Kitty smiled. “Yes. It was pleasant to see Claus again, and travel on board the Dolphin is always enjoyable. She is a beautiful ship, and her crew are so much better than those of other traders. Two of them are Maoris, believe it or not. One, named Korriko, is the son of a chief. I don’t know the story behind it—no one told me—but I gathered that both young men were compelled by their chief to serve Claus, in reparation for some injury the tribe did him. But—” She laughed, with something of her old spirit. “They both seemed as happy as sandboys, and Korriko was being instructed in the skills of navigation. Claus told me he intends to return them to their tribe on his next trip, as a reward for good behaviour, but I don’t believe that either of them really wants to be returned.”
Red smiled to himself. What Kitty had just told him about the two Maori seamen was, he thought, typical of Claus Van Buren’s dealings with New Zealand’s native inhabitants. He trusted and respected them, and they returned his trust in full measure, which made him what they called a pakeha Maori. He had not seen Claus’s trading post at Rangirata, but he had heard much about it and knew that one of the Yates brothers—the elder, Robert—acted as manager and had married a daughter of the chief, Te Anga. Te Anga had strong links of kinship with the Waikato and, in particular, with Rewi Maniapoto and Wiremu Kingi, so that his position, should the Waikato break out in rebellion, was a matter for speculation.
To his surprise, Kitty went on, “Robert Yates was with us, as well as Simon, Red.”
“Robert? I thought he was managing the trading post for Claus?”
“He was,” Kitty confirmed. “I’m not quite clear as to what happened, but his wife, who was a Maori girl, was recalled to the tribe by her father, the chief. And the chief advised Robert to leave Rangirata for a while. The post is being managed by a Maori.”

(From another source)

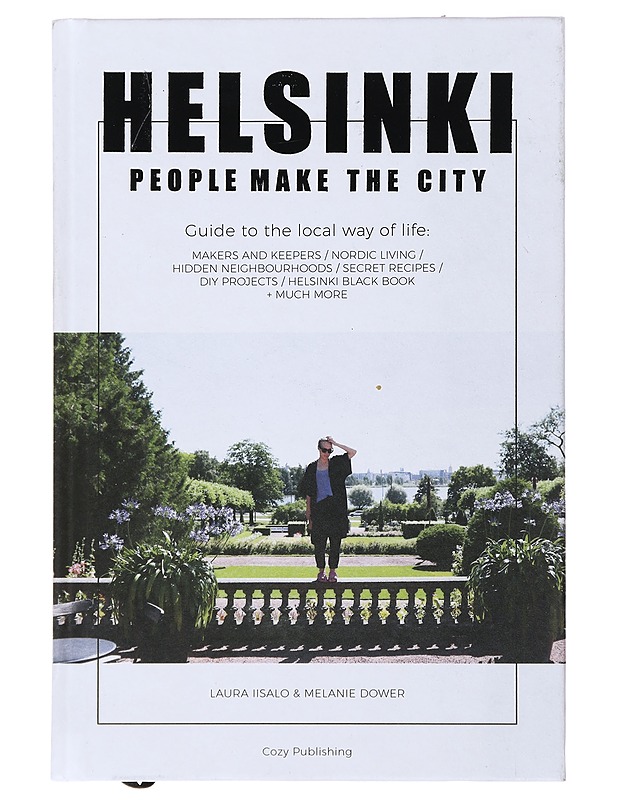 Helsinki - people make the city : guide to the local way of life : makers and keepers, Nordic living, hidden neighbourhoods, secret recipes, DIY projects, Helsinki black book + muc - Tietokirjat ja oppaat - 10105492308 - 0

Which did not augur well for Te Anga’s adherence to peace, Red decided. And probably it was the reason why Claus intended to put his two Maori seamen ashore on his next call at the trading post.
Uncannily, as if she had read his thoughts, Kitty said, in a flat, expressionless voice, “I have tried to wean those two boys from the prospect of war, Red, but in truth, I fear that peace between settlers and Maoris is a long way off, for all the governor’s efforts. He went with General Cameron, Captain Seymour, and Premier Fox to Russell, in the Bay of Islands, just before I left Auckland, and they say he reached a good understanding with the tribes there—the Ngapuhi, I think they are called. But it is the Waikato tribes everyone mistrusts, and the general opinion in Auckland was that the new road that is planned from Drury will be a red rag to a bull. And Johnny’s there.”
“The governor has a considerable military force now,” Red pointed out. “Imperial and volunteer. And there is also the navy.”
“But not for much longer, Red,” Kitty said. “All the naval ships are to leave during the next few months—Captain Seymour himself told me. He’s expecting to return here, to Sydney.”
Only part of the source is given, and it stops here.